Dataset content:
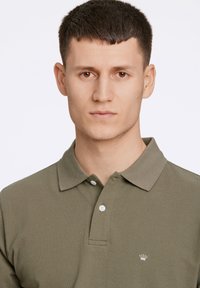 Olijfgroene polo shirt van gestructureerde stof; beschikt over een klassieke kraag, drie knopen en een klein geborduurd logo op de linkerborst.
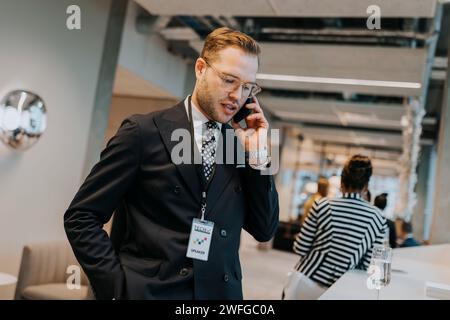 Young businessman talking on mobile phone during networking conference Stock Photo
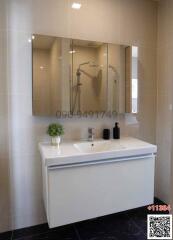 Modern bathroom with walk-in shower and vanity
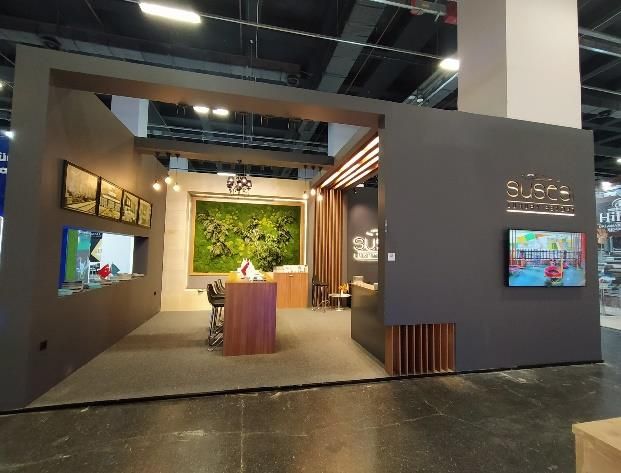 Reception counter, tables and a decorative wall within an exhibition stand with wood detailing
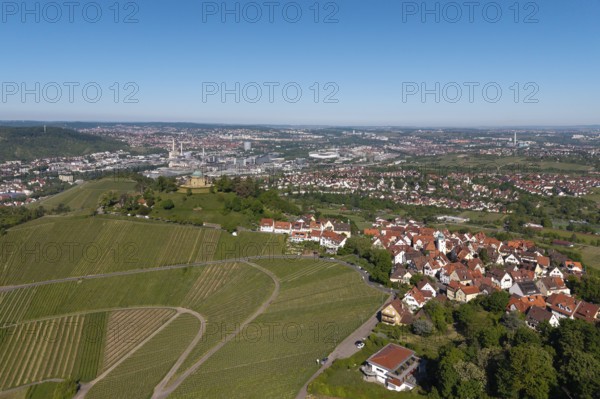 City with surrounding vineyards and landscape under a clear sky, view of Rotenberg near Stuttgart with burial chapel, in the background the Mercedes-Benz plant in Stuttgart-Untertürkheim and the MHP Arena, Baden-Württemberg, Germany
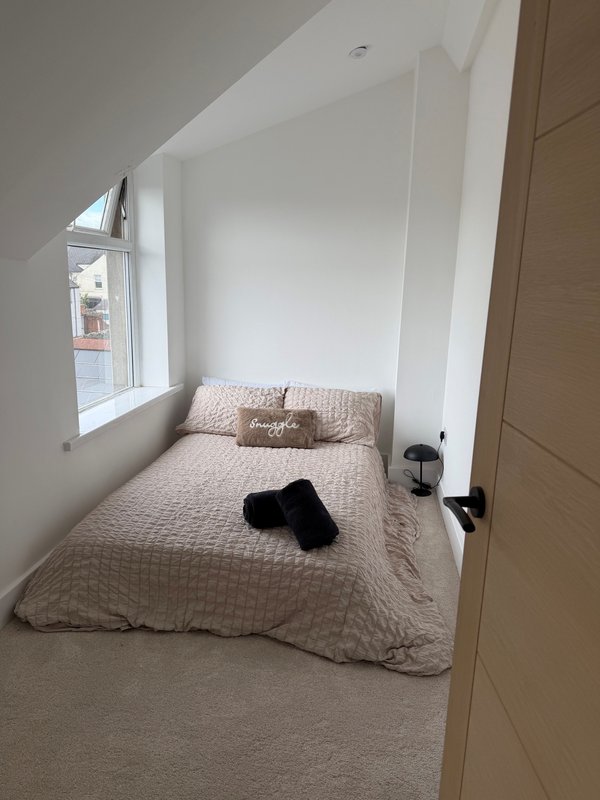Small double bed with hanging rails for storage of clothes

What this task involves: Images do not belong in the copy; reproduce all other parts of the records above verbatim.

Written answer:
 Olijfgroene polo shirt van gestructureerde stof; beschikt over een klassieke kraag, drie knopen en een klein geborduurd logo op de linkerborst.
 Young businessman talking on mobile phone during networking conference Stock Photo
 Modern bathroom with walk-in shower and vanity
 Reception counter, tables and a decorative wall within an exhibition stand with wood detailing
 City with surrounding vineyards and landscape under a clear sky, view of Rotenberg near Stuttgart with burial chapel, in the background the Mercedes-Benz plant in Stuttgart-Untertürkheim and the MHP Arena, Baden-Württemberg, Germany
Small double bed with hanging rails for storage of clothes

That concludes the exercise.